#### [Your goal]
Give back exactly the lines of the material below, starting with the line with "Counting Borders Printable" and going on through the line with "925 Sterling Silver".

Start of The records

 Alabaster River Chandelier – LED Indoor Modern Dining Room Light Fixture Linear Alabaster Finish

End of The records
Start of The records

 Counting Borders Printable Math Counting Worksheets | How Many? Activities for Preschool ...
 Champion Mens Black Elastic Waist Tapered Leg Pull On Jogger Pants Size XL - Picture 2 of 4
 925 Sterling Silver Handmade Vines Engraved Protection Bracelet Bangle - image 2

End of The records

#### [Response for this exercise]
 Counting Borders Printable Math Counting Worksheets | How Many? Activities for Preschool ...
 Champion Mens Black Elastic Waist Tapered Leg Pull On Jogger Pants Size XL - Picture 2 of 4
 925 Sterling Silver Handmade Vines Engraved Protection Bracelet Bangle - image 2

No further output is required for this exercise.